Work item | Images are to be excluded, and the rest of the data repeated exactly.

Supplied records |
* * *

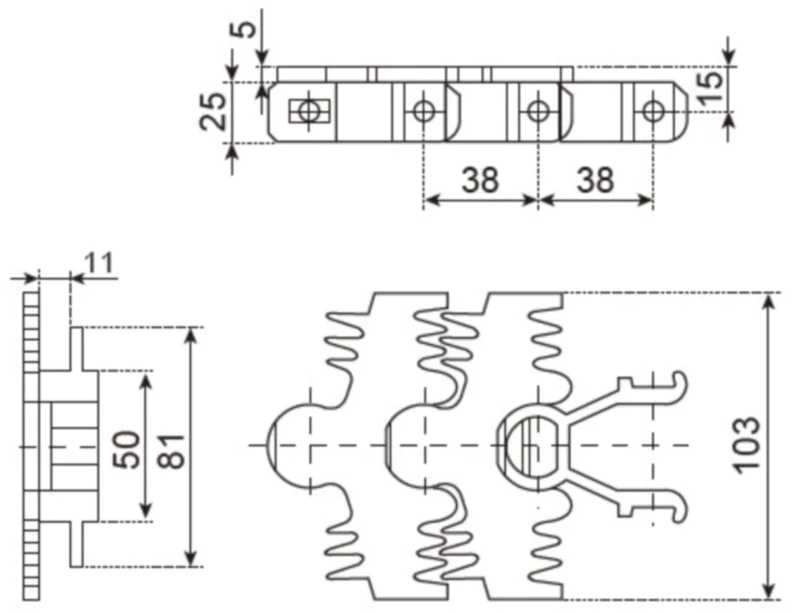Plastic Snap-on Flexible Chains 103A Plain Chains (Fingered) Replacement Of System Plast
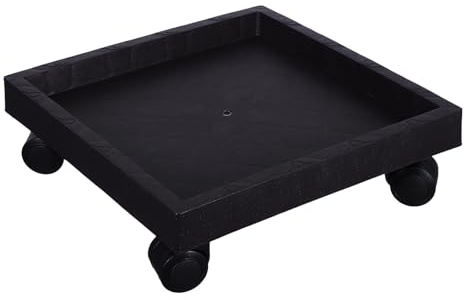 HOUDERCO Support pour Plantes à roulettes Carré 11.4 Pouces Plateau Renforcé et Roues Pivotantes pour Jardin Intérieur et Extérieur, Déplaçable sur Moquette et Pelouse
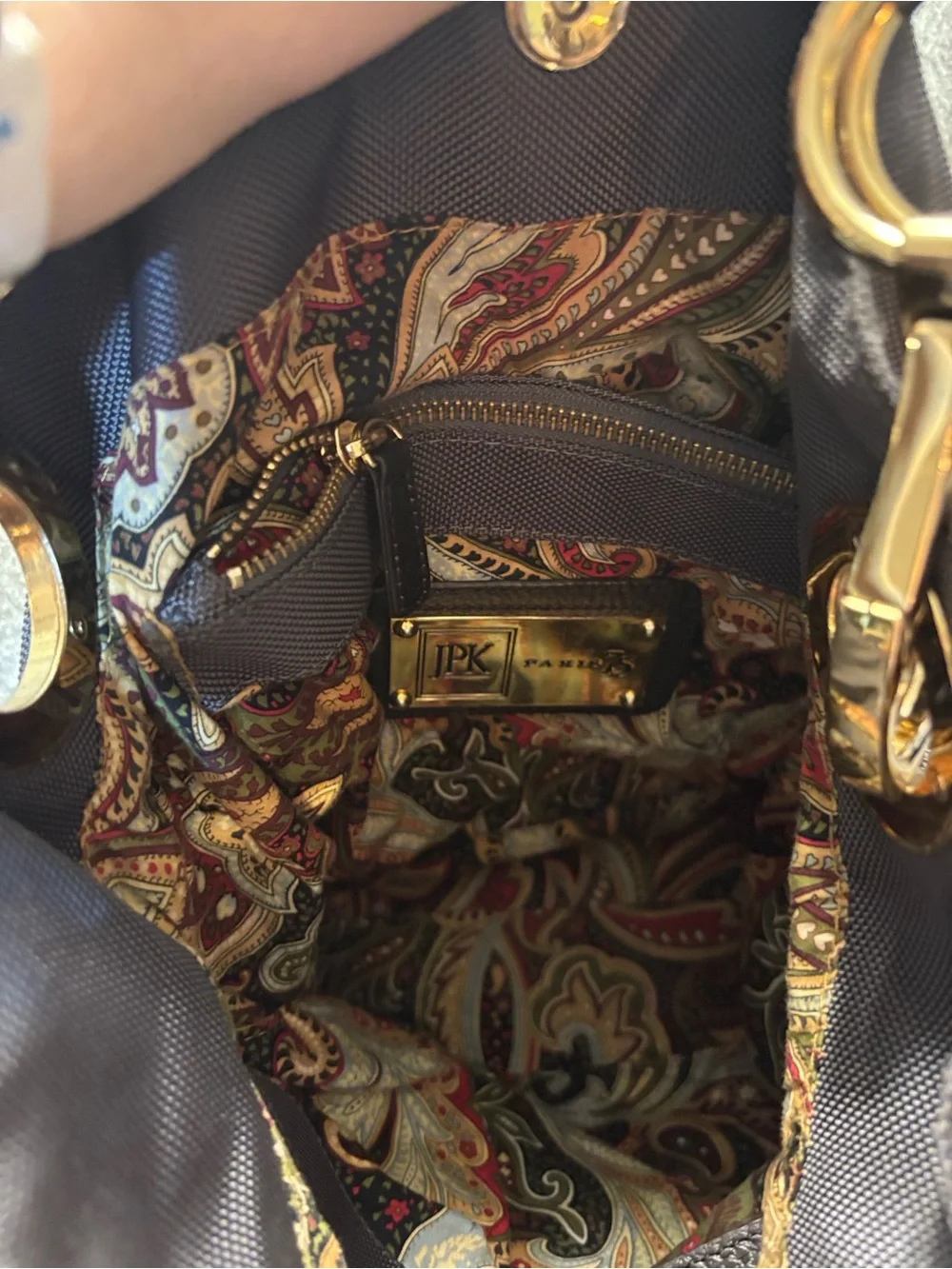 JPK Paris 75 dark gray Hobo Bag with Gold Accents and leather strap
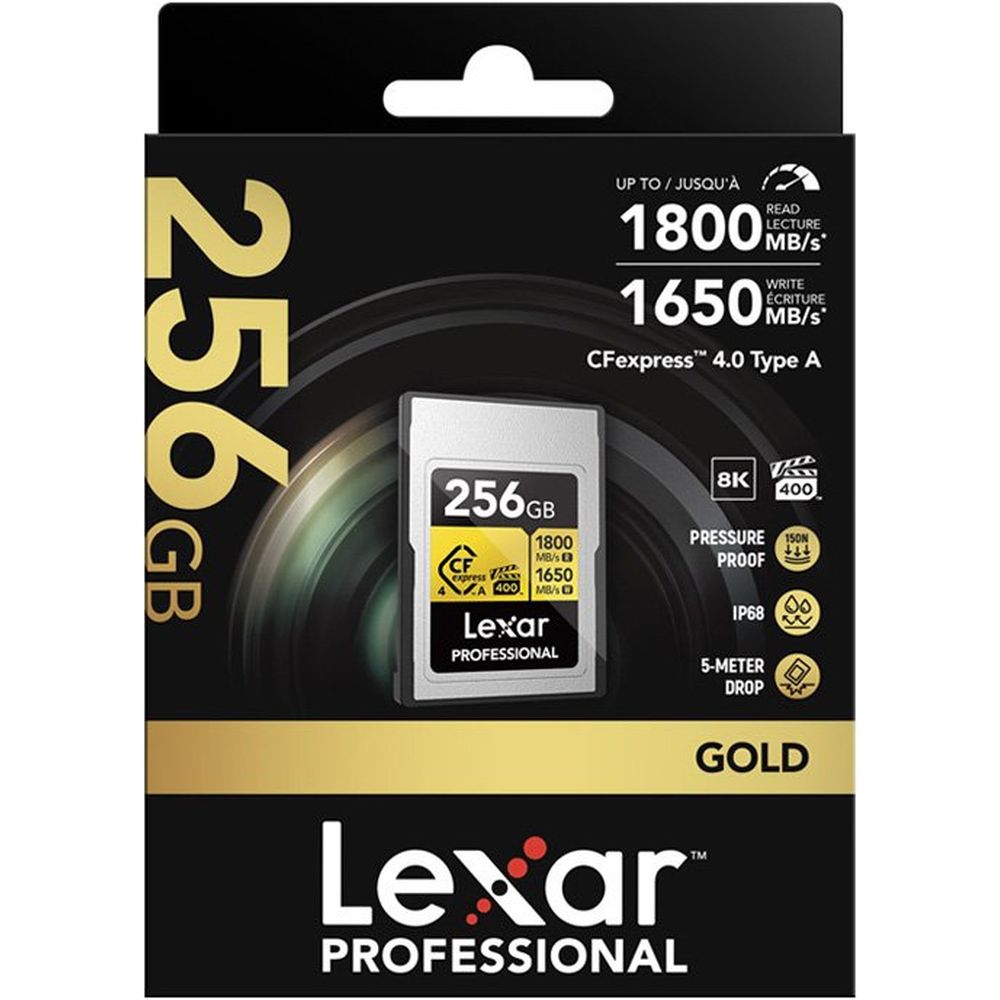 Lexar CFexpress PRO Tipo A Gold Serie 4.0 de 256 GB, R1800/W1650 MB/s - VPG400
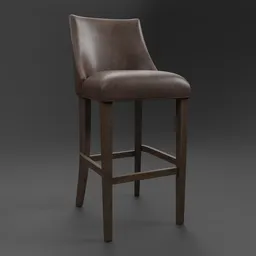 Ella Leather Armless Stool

* * *

Exercise output |
Plastic Snap-on Flexible Chains 103A Plain Chains (Fingered) Replacement Of System Plast
 HOUDERCO Support pour Plantes à roulettes Carré 11.4 Pouces Plateau Renforcé et Roues Pivotantes pour Jardin Intérieur et Extérieur, Déplaçable sur Moquette et Pelouse
 JPK Paris 75 dark gray Hobo Bag with Gold Accents and leather strap
 Lexar CFexpress PRO Tipo A Gold Serie 4.0 de 256 GB, R1800/W1650 MB/s - VPG400
 Ella Leather Armless Stool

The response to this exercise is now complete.